* **TASK BRIEF**: For this exercise, copy exactly every line from the one holding "CASA para Compra em Feira de Santana - 2" through the end of the data, both included. Omit pictures.

* **EXTRACTED DATA**:
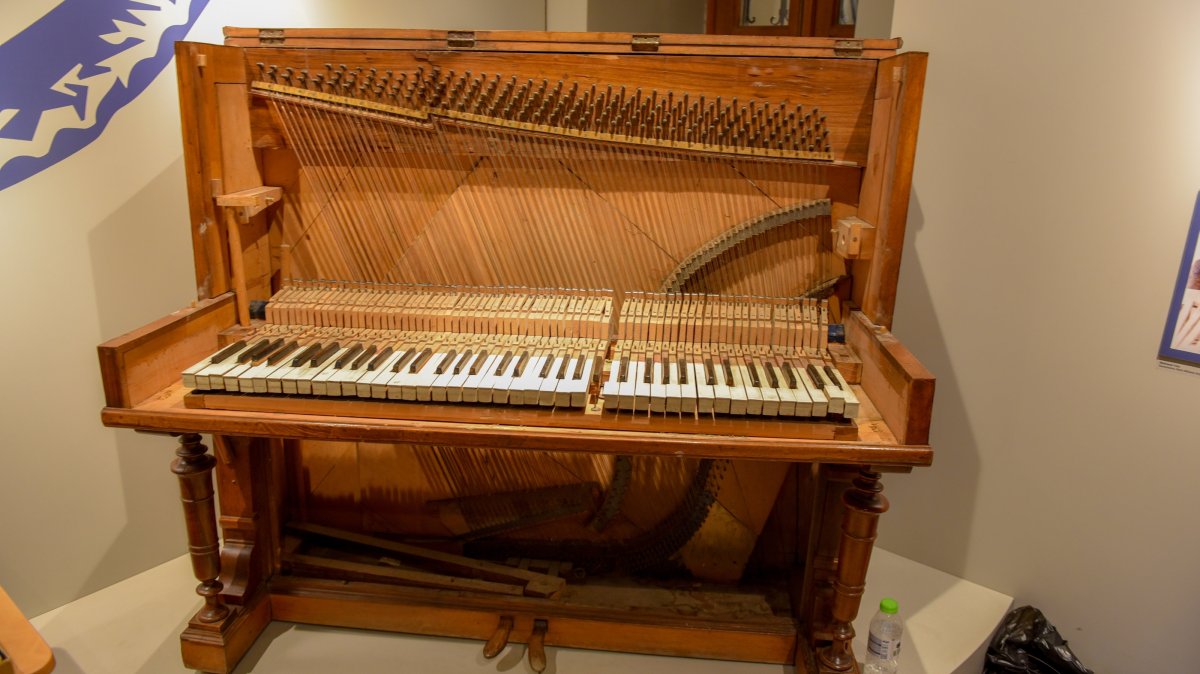 The restored piano is displayed at the Istanbul Technical University in Istanbul, Türkiye, on Nov. 30, 2024. (AA Photo)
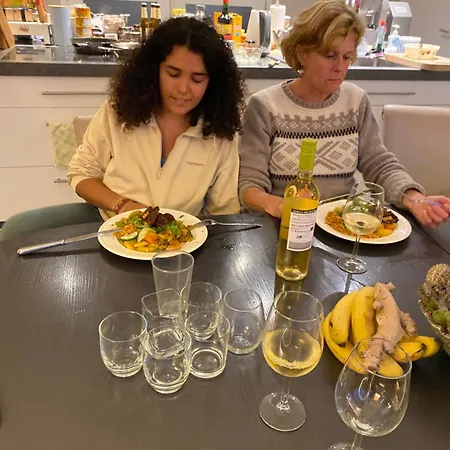 Oomes Huus - Sleep By Haestens, Wake With Coffee Den Hoorn (North Holland)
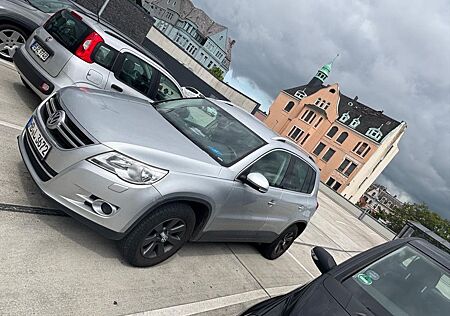 VW Tiguan Volkswagen 2.0 TDI Sport & Style Automatik Sport...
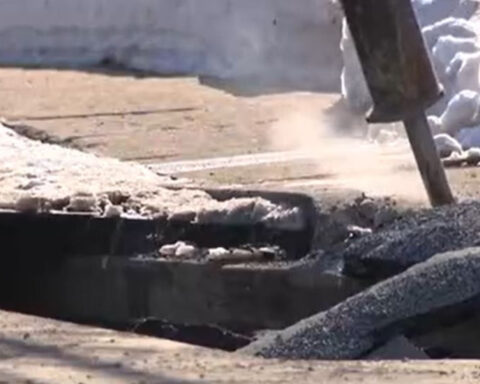 Sinkhole opens up in Lancaster community, bringing neighbors together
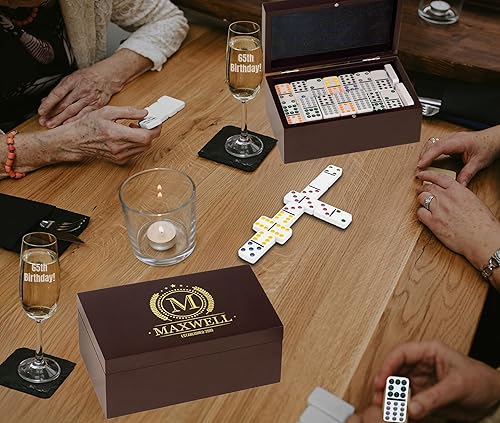 Miniatura 3 de Juego de dominó personalizado con caja grabada personalizada con monograma, regalo personalizado para cumpleaños de papá, jubilación, juego de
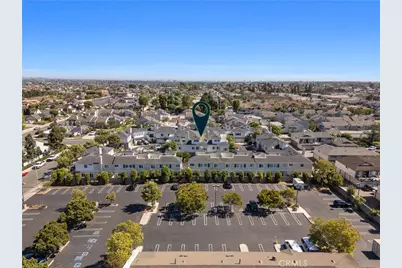 18723 Chapel Lane, Huntington Beach, CA 92646 - Photo 4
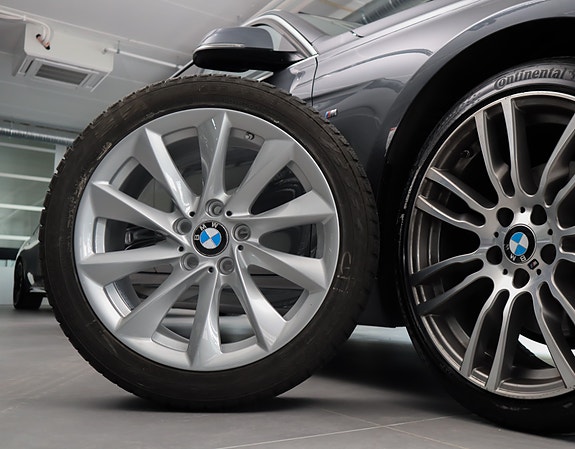 BMW 330i 3 of 30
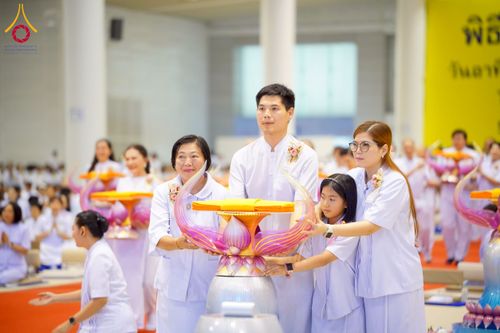 ภาพ No.215525:วันอาทิตย์ต้นเดือนที่ 6 เมษายน พ.ศ. 2568 ขบวนอัญเชิญผ้าป่าสมทบ มหาสังฆทาน 40,000 กว่าวัดทั่วประเทศ ณ สภาธรรมกายสากล วัดพระธรรมกาย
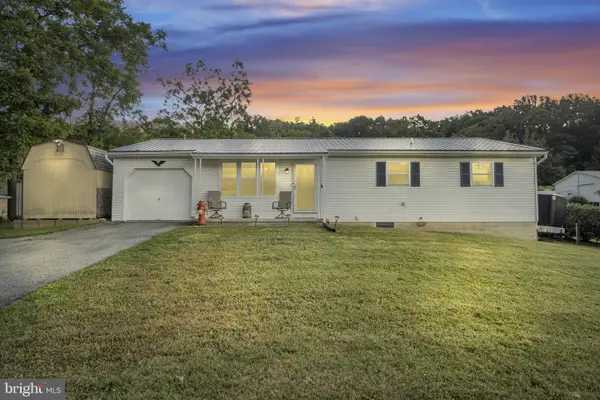 28 Mountain Street, MOUNT HOLLY SPRINGS, PA 17065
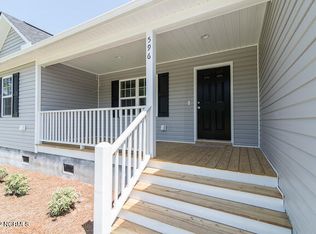1110 Twin Lakes Dr, Southport, NC 28461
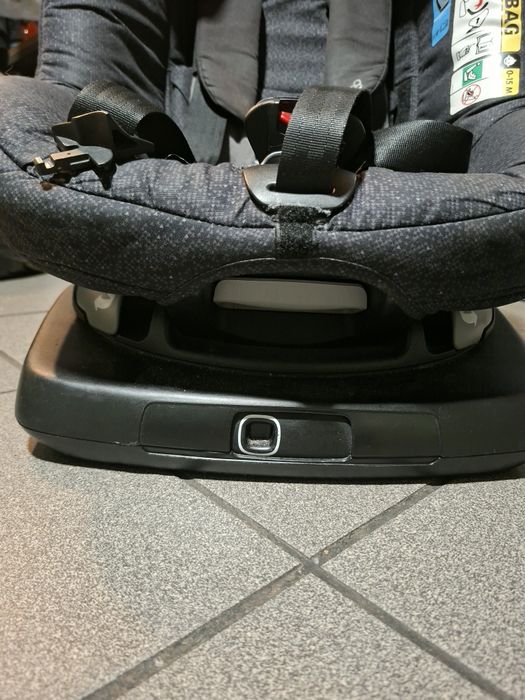 Maxi-Cosi AxissFix plus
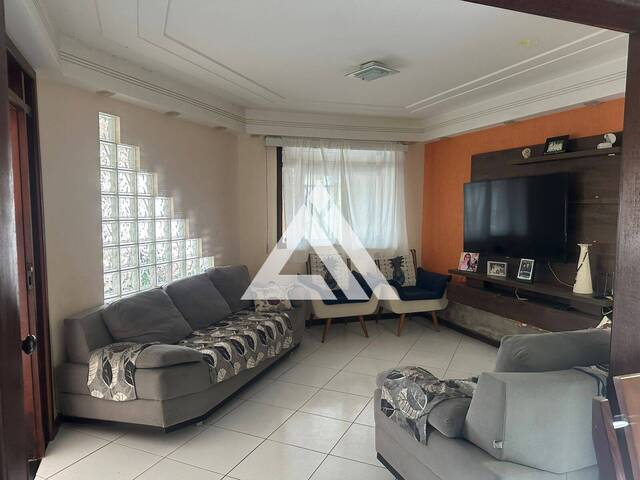 CASA para Compra em Feira de Santana - 2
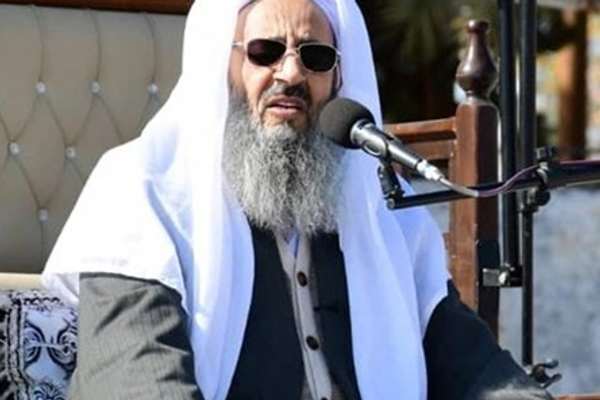 زعيم أهل السنة في إيران يطالب بالاستماع للمواطنين.. ويصف قتل المتظاهرين بـ"الخطيئة الكبرى"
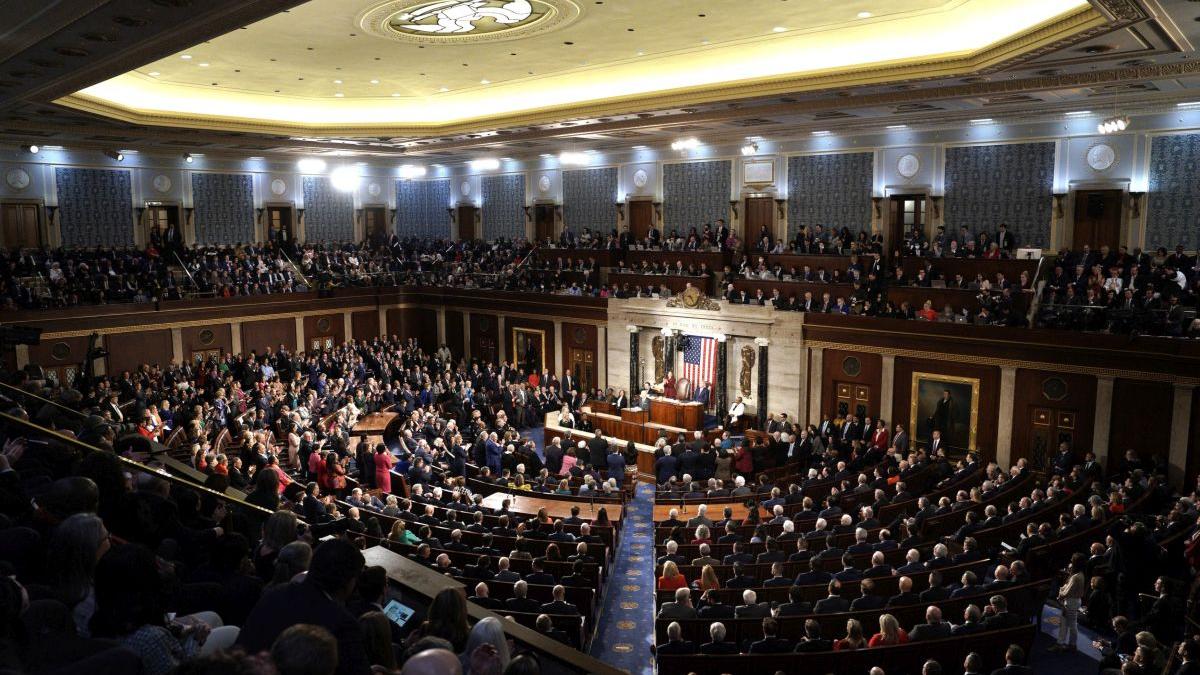 Război pe viață și pe moarte în Congresul american. Bătălia pentru Casa Albă aduce o premieră în ultimii 150 de ani 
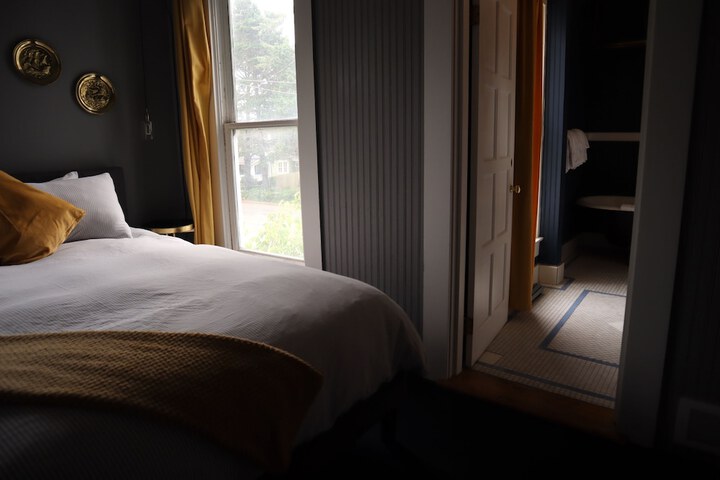 Room 65 of 115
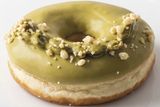 Donut con glassa pistacchio e granella di pistacchio
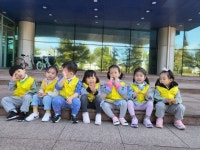 뮤지컬ㅡ피터팬과 요정팅커벨 - 2022년 즐거운반 사진 - 재능스쿨 어린이집 뮤지컬ㅡ피터팬과 요정팅커벨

* **SOLUTION FOR THIS PROBLEM**:
 CASA para Compra em Feira de Santana - 2
 زعيم أهل السنة في إيران يطالب بالاستماع للمواطنين.. ويصف قتل المتظاهرين بـ"الخطيئة الكبرى"
 Război pe viață și pe moarte în Congresul american. Bătălia pentru Casa Albă aduce o premieră în ultimii 150 de ani 
 Room 65 of 115
 Donut con glassa pistacchio e granella di pistacchio
 뮤지컬ㅡ피터팬과 요정팅커벨 - 2022년 즐거운반 사진 - 재능스쿨 어린이집 뮤지컬ㅡ피터팬과 요정팅커벨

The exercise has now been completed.